How do cost, time and data constraints affect the validity of evaluation approaches and conclusions? What are acceptable compromises and what are the minimum methodological requirements for a study to be considered a quality impact evaluation? This booklet from the World Bank provides advice for conducting impact evaluations and selecting the most rigorous methods available within the constraints faced. It clarifies the nature of trade-offs between evaluation rigour and budgets, time and data and provides suggestions for reducing costs and increasing rigour.
A quality impact evaluation must: (a) define and measure project inputs, implementation processes, outputs, intended outcomes and impacts; (b) develop a sound counterfactual; (c) determine whether a project has contributed to the intended impacts and benefited the target population; (d) assess the distribution of benefits among the target population; (e) identify factors influencing the magnitude and distribution of the impacts; and (f) assess the sustainability of impacts.

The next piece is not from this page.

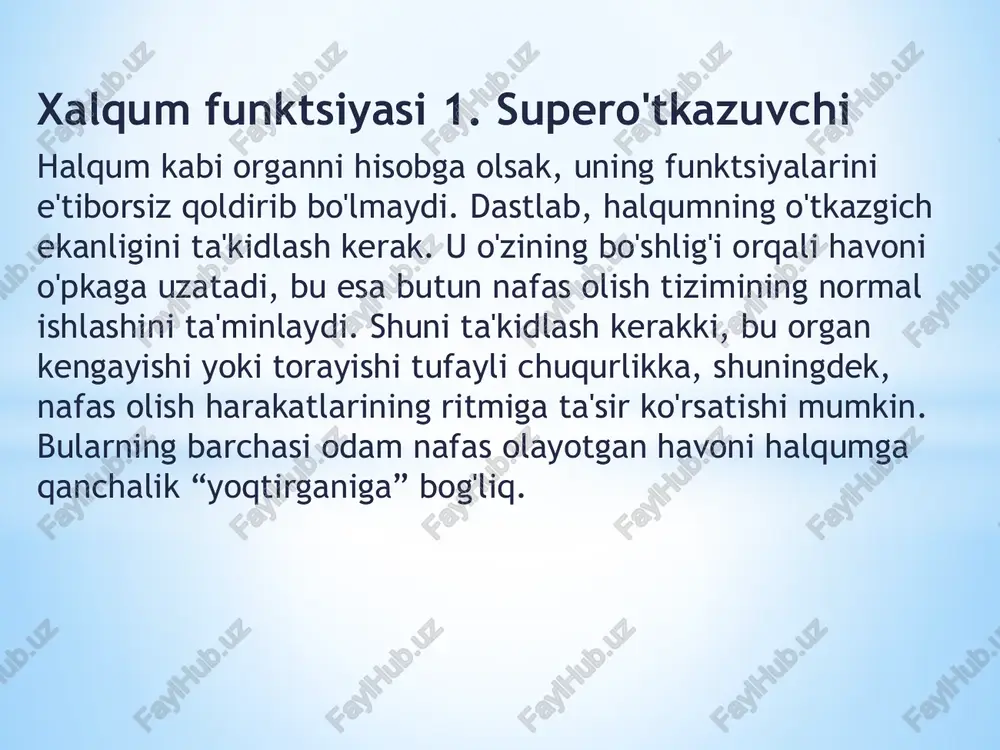 u oziq-ovqat bo'lagini to'ydiradi, bu uning oshqozon bo'shlig'iga kirib borishini osonlashtiradi. shuningdek, kanalning vazifalari oshqozon-ichak traktining yuqori qismiga tarkibning teskari oqimidan himoya qilishni o'z ichiga oladi. bu funksiya sfinkterlar tufayli amalga oshiriladi. axalaziya bu buzilish tabiatda neyrogendir. achalaziya bilan qizilo'ngachning funktsiyalari buzilishi mavjud. patologiyada perist altikada buzilishlar kuzatiladi. pastki sfinkter,qizilo'ngach va oshqozon o'rtasida qulflash mexanizmi bo'lib, dam olish qobiliyatini yo'qotadi. hozirgi vaqtda kasallikning etiologiyasi noma'lum, ammo mutaxassislar psixogen, yuqumli va genetik moyillik haqida gapirishadi. odatda, patologiya 20 yoshdan 40 yoshgacha aniqlanadi. qizilo’ngach patalogiyalari kuyishlar ular ba'zi kimyoviy birikmalar inson qizilo'ngachiga kirganda paydo bo'ladi. statistik ma'lumotlarga ko'ra, ushbu oshqozon-ichak traktida kuyish bilan kasallanganlarning umumiy sonining taxminan 70 foizi o'n yoshgacha bo'lgan bolalardir yara ushbu patologiya me'da shirasining qizilo'ngachga kirib borishini qo'zg'atadigan yurak etishmovchiligi tufayli yuzaga kelishi mumkin. u, o'z navbatida, proteolitik ta'sirga ega. ko'pincha oshqozon yarasi oshqozon va o'n ikki barmoqli ichakning shikastlanishi yoki diafragmaning qizilo'ngach teshigidagi churra bilan birga keladi …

The challenge of conducting evaluations under budget, time and data constraints is outlined below:
- The conventional evaluation approach uses pre- and post-intervention project and control group comparisons. Simplifying evaluation design can reduce costs and time, but involves trade-offs between evaluation quality and the validity of conclusions.
- Options for selecting comparison groups include matching areas, individuals or households on observables, pipeline sampling, regression discontinuity designs and propensity score matching. Problems include self-selection and difficulties finding close matches.
- Secondary data can be used to reduce costs and save time and to reconstruct baseline data and comparison groups, thus strengthening counterfactuals.
- Post-intervention only evaluations suffer from a lack of baseline data. Baseline data may be reconstructed using project and other records, recall, Participatory Rapid Assessment (PRA) or key informants. There should be systematic comparison of the information obtained.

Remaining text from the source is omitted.